Introduction
Today, the role of bats as important reservoir of zoonotic viruses is so widely accepted as highly discussed (Joffrin, Dietrich, Mavingui, & Lebarbenchon, 2018; Wang & Anderson, 2019; Wilkinson & Hayman, 2017). Among these pathogens, the association between vampire bats and rabies has been long known, along with the evidence that several bat species might harbor and transmit rabies virus (RABV) in the Americas, as well as rabies-related lyssaviruses (LYSVs) worldwide (Johnson, Aréchiga-Ceballos, & Aguilar-Setien, 2014; Shipley et al., 2019; Velasco-Villa et al., 2017). Interestingly, while RABV is responsible for all bat-associated human cases in the Americas, this virus is not found in chiropters from the rest of the globe, where up to other 14 of the 16 known LYSVs have been described instead (Shipley et al., 2019; Walker et al., 2018).

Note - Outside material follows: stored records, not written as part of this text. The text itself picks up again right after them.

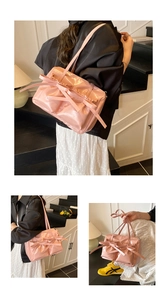 Detail view of pink glossy PU tote bag featuring large stylish double bows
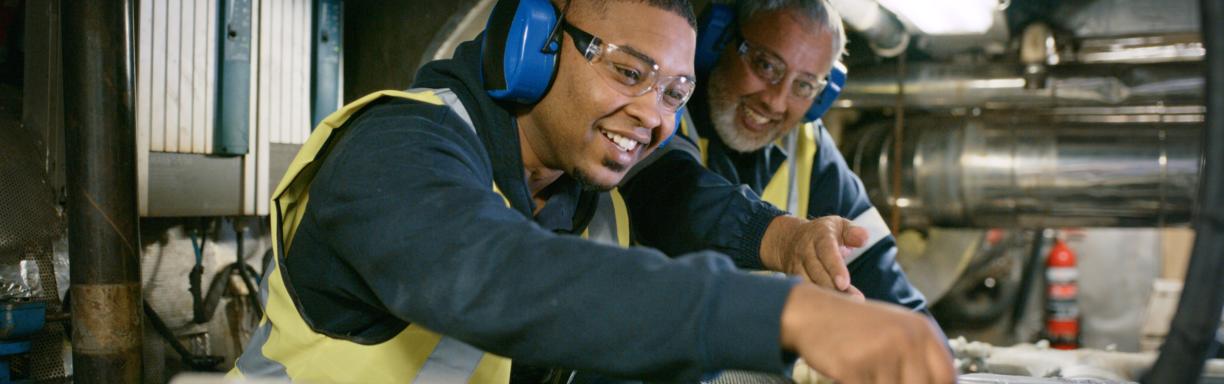 A close up of two men working on a car in a car workshop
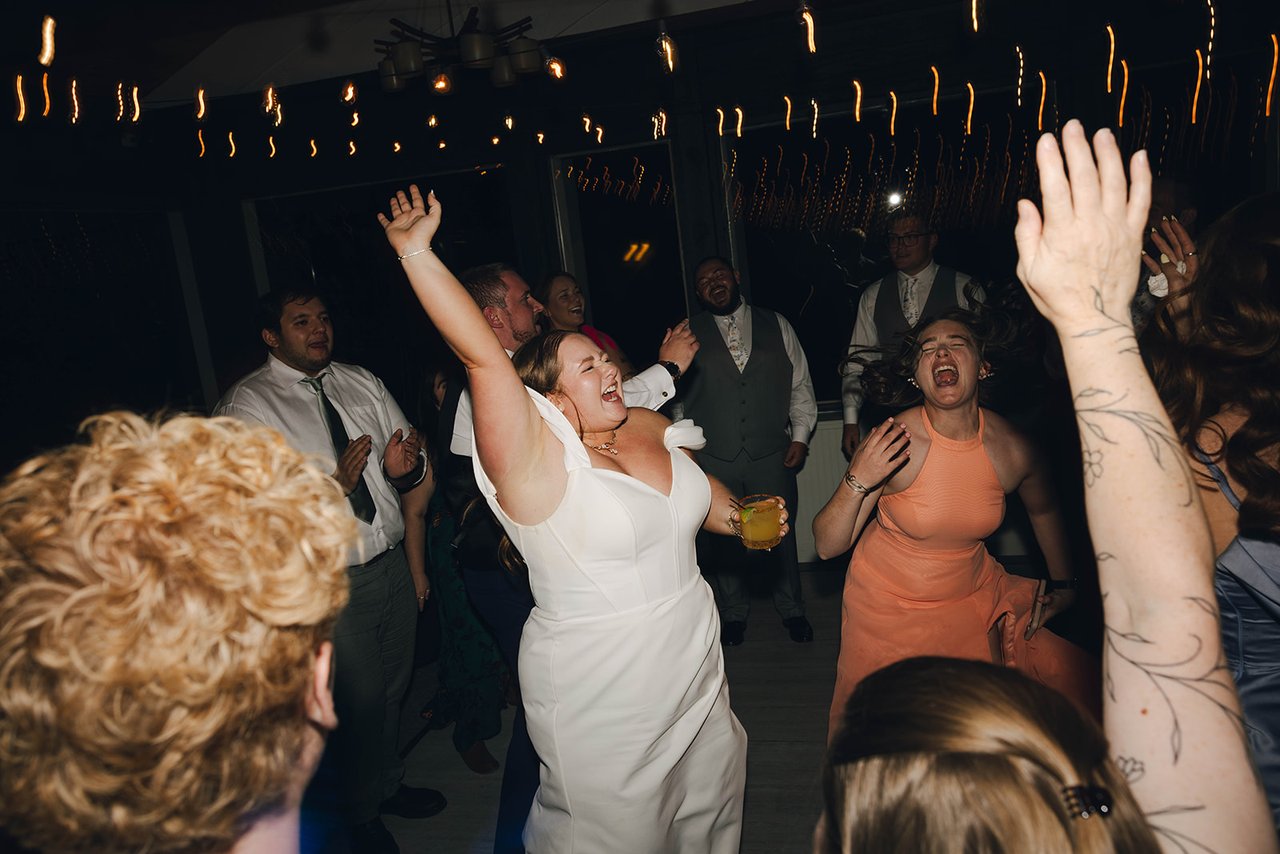 Autumn sings with her arm up on the dance floor, surrounded by guests
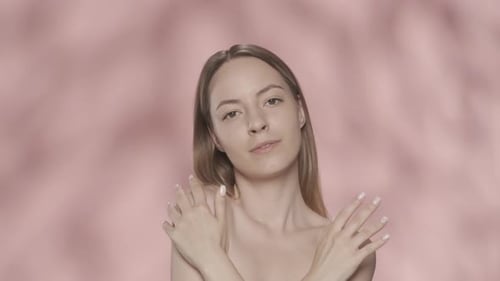 A Woman Crosses Her Arms and Runs Over the Smooth Soft Skin of Her Hands and Shoulders A Seminude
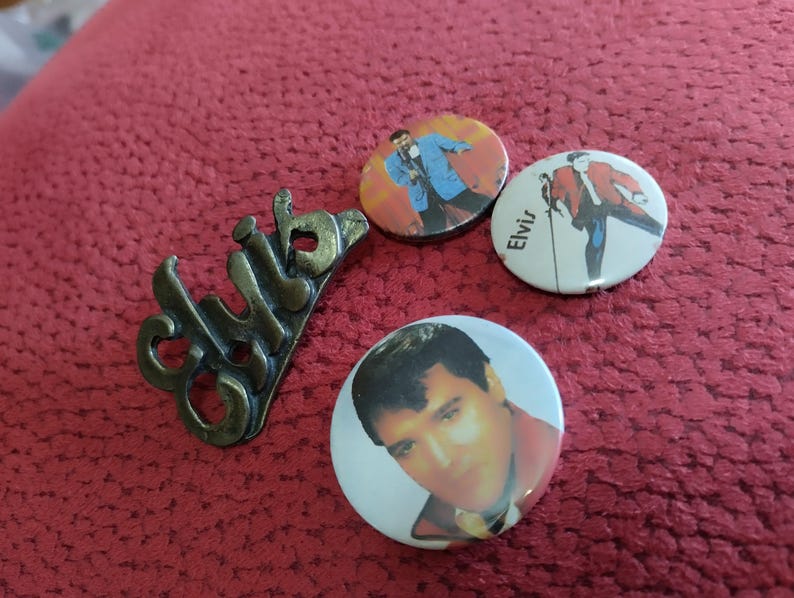 May include: Three round pinback buttons featuring images of Elvis Presley. One button has a black and white image of Elvis singing into a microphone. Another button has a color image of Elvis in a blue suit and white shirt. The third button has a color image of Elvis in a red jacket and blue pants. The buttons are on a red fabric surface. There is also a metal pin with the word "club" written on it.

In Europe, six rabies-related lyssaviruses (RRLVs) have been described, namely European bat 1 lyssavirus (EBLV-1), European bat 2 lyssavirus (EBLV-2), Bokeloh bat lyssavirus (BBLV), West Caucasian bat lyssavirus (WCBV), Lleida bat lyssavirus (LLEBV) and Kotalahti bat lyssavirus (KBLV), with the last one still waiting for official classification from the International Committee on Taxonomy of Viruses (ICTV) (Walker et al., 2018). Among these, EBLV-1 is the most frequently reported, is widespread in the continent and, more recently, in Great Britain (Middlemiss, 2019). Notably, EBLV-1 has been associated with spillover events to non-flying mammals and human cases (Dacheux et al., 2009; Müller et al., 2004; Shipley et al., 2019; Tjørnehøj, Fooks, Agerholm, & Rønsholt, 2006). Serotine bats have been long considered the reservoir for EBLV-1, because the majority of cases are reported in E. serotinus and E. isabellinus. However, the discordance between the genetic structure of E. serotinus and EBLV-1 isolates in France suggests that other species might be involved in the spread of the virus (Troupin et al., 2017). This hypothesis is further supported by serological studies showing exposure of several other bat species, including the grater mouse-eared bat (Myotis myotis ) in Spain, France, Germany, Croatia and Italy (Leopardi et al., 2018; Picard-Meyer et al., 2011; Schatz et al., 2014; Serra-Cobo et al., 2013; Šimić et al., 2018). Although this bat species seems to mostly move locally between summer and winter roosts, longer transboundary migrations have also been recorded (Hutterer et al., 2005), which might contribute to virus dispersal. However, the relationship between the home range of M. myotis and the circulation of EBLV-1 has never been investigated, also because the pattern of movements is not clearly defined and the virus is yet to be characterized from this species. In particular, the lack of viral detection in M. myotis prevents any conclusion about its role in the epidemiology of EBLV-1, as sero-positivity might also reflect cross-reactivity with yet unknown related LYSVs (Kuzmin et al., 2008; Wright et al., 2008). Indeed,Myotis bats have frequently been associated with other LYSVs, including EBLV-2 in M. daubentonii and M. dasycneme , BBLV in M. nattereri and the newly described KBLV in M. brandtii .
In this study, we investigated the genetic structure of the greater mouse-eared bat collected from five maternity colonies in South Tyrol, the northernmost region in Italy bordering the Austrian territories of North Tyrol, to investigate the connectivity between them and, indirectly, the effect of the Alps as natural barrier for animal dispersal. We further tested for potential sex-biased dispersal and assessed the fidelity of females to their natal roost (defined as female phylopatry), features that are common in temperate bats (Kerth, Mayer, & König, 2000; Kerth, Mayer, & Petit, 2002; Moussy et al., 2015, 2013). We therefore interpreted serological data obtained from these colonies, along with genetic information and environmental parameters, in the attempt to understand infection dynamics of RRLV in Myotisbats within the study area, even in the absence of molecular characterization (Peel, McKinley, et al., 2013).